*** Opening Input data ***
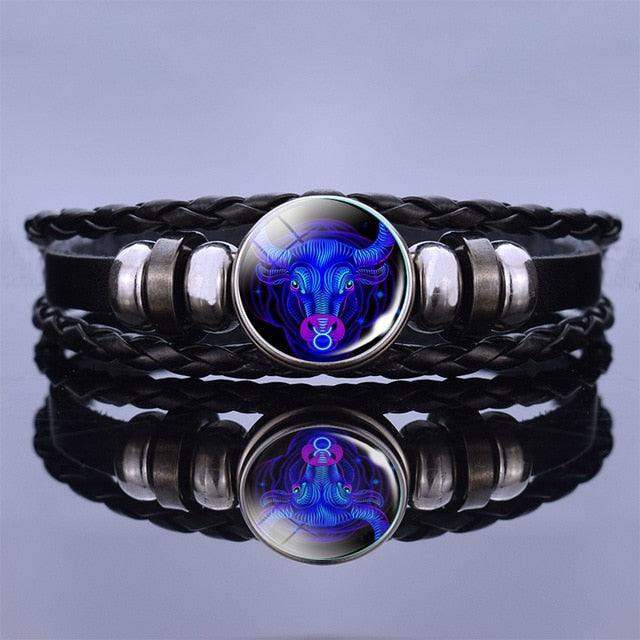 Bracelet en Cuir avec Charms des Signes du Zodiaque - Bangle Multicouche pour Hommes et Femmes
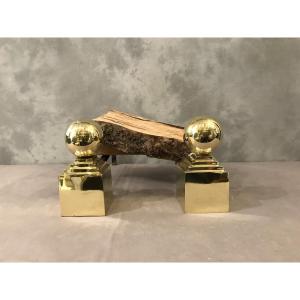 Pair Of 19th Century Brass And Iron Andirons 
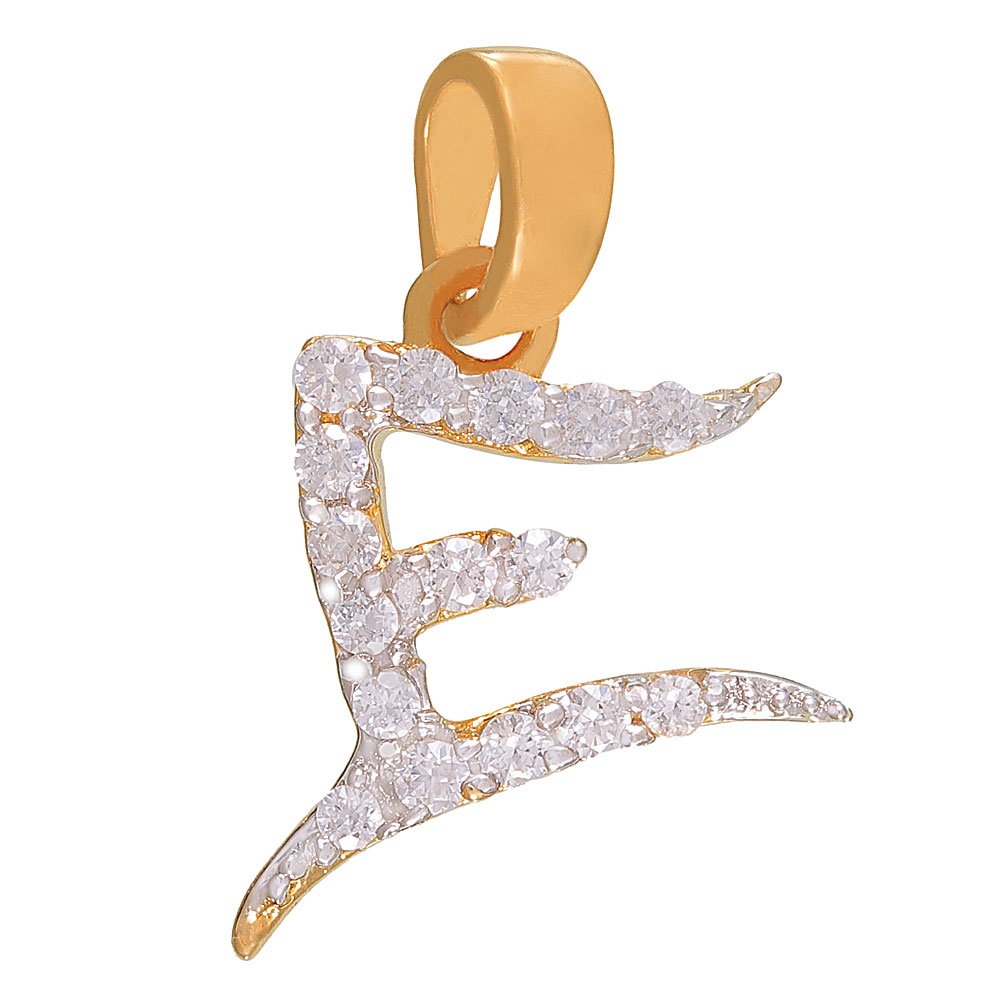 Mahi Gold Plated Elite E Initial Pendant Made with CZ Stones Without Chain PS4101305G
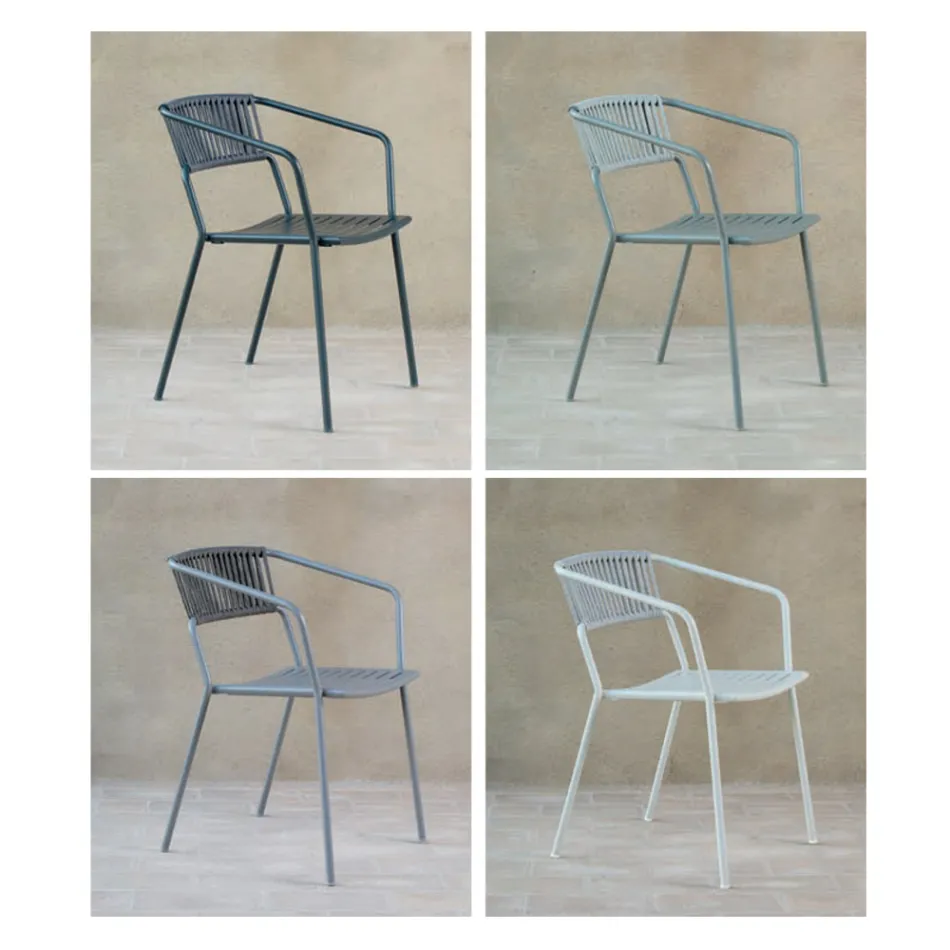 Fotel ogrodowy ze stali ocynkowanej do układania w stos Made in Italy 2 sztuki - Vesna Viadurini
*** Closing Input data ***
Assignment:
The answer should be the full material above, printed exactly, with no pictures in it.

Exercise answer:
 Bracelet en Cuir avec Charms des Signes du Zodiaque - Bangle Multicouche pour Hommes et Femmes
 Pair Of 19th Century Brass And Iron Andirons 
 Mahi Gold Plated Elite E Initial Pendant Made with CZ Stones Without Chain PS4101305G
 Fotel ogrodowy ze stali ocynkowanej do układania w stos Made in Italy 2 sztuki - Vesna Viadurini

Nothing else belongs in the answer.